The company says it can build a house for the cost of roughly $37,600

The company says it can build a house for the cost of roughly $37,600

Photo Credit: Serendix

New technology from Japanese startup Serendix may eventually turn the dream of home ownership from the seemingly impossible into the possible for many Americans — and help us give our planet an assist in the process. 

Serendix, which hopes to make housing more affordable, recently combined 3D printing and CNC machining to build a house for the cost of roughly $37,600, according to Adele Peters of Fast Company. 

Compare that with the median cost of a house in the United States: approximately $431,000, according to The Ascent, a review platform of The Motley Fool.

"The house of the future costs as much as a car," Serendix CEO Kunihiro Handa told Peters. 

Handa added that the company's goal is to fully automate the housing industry — much like Japan did with the auto industry more than 40 years ago.

3D printing has been around since the 1980s, when Dr.
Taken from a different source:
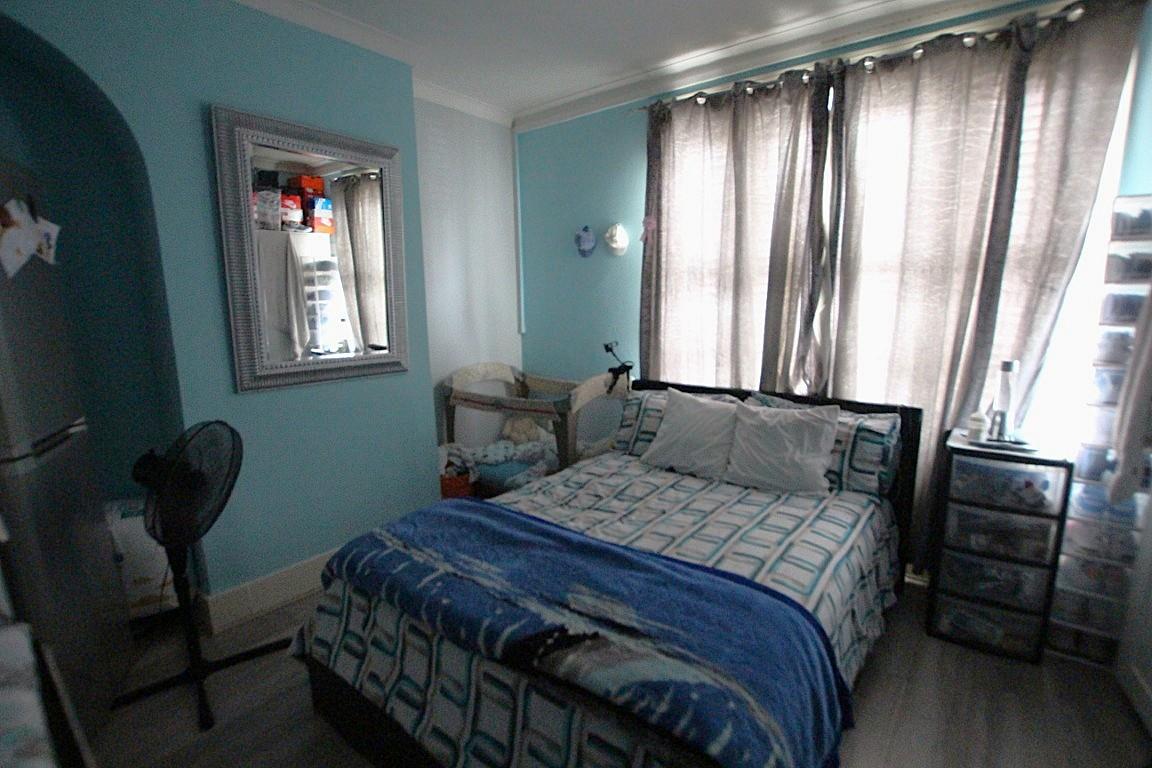 Property Image 88ac6d5b-8cc0-47d6-91fb-5ea47dcab08f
Hideo Kodama created a machine that hardened material with UV light, according to The American Society of Mechanical Engineers. As the technology — and the laws surrounding its use — has evolved, so have the opportunities for its application. 
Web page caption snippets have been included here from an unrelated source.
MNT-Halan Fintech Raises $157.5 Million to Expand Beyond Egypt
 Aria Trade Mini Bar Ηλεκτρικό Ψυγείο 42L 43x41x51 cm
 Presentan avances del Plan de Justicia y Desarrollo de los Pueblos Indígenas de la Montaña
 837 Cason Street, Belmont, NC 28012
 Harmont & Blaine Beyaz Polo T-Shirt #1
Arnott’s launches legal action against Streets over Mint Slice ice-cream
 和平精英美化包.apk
Today, an array of 3D-printing materials is available. According to Fast Company, in order to keep costs down, Serendix utilized concrete to print the walls of its 538-square-foot "barnacle" unit, giving an individual or a couple a bit of extra stretching room than a typical 100- to 400-square foot tiny house. 

The home design is constructed around steel columns and includes one bedroom, one bathroom, a living room, and a kitchen. An incredible time-lapse video shows how they come together.

An added bonus? Small homes are eco-friendly because they need less energy to run, so your bank account and the Earth will be thankful. While an average-sized home in the U.S. is responsible for approximately 28,000 pounds of harmful carbon pollution per year, tiny homes emit around 2,000, according to the American Institute of Architects.

Serendix told Peters that its 3D-printed house only took 44 hours and 30 minutes to build. The efficiency of the construction time means that negative environmental impact is reduced. Globally, the construction industry is responsible for 39% of polluting heat-trapping gases. 

Saerendix 3
Photo Credit: Serendix

Serendix has five printers, according to Peters, each of which can construct 50 houses per year, and the company intends to add more in 2024 in order to reach a goal of 850 per year.

There's no word yet on when the company's technology could be available in the U.S.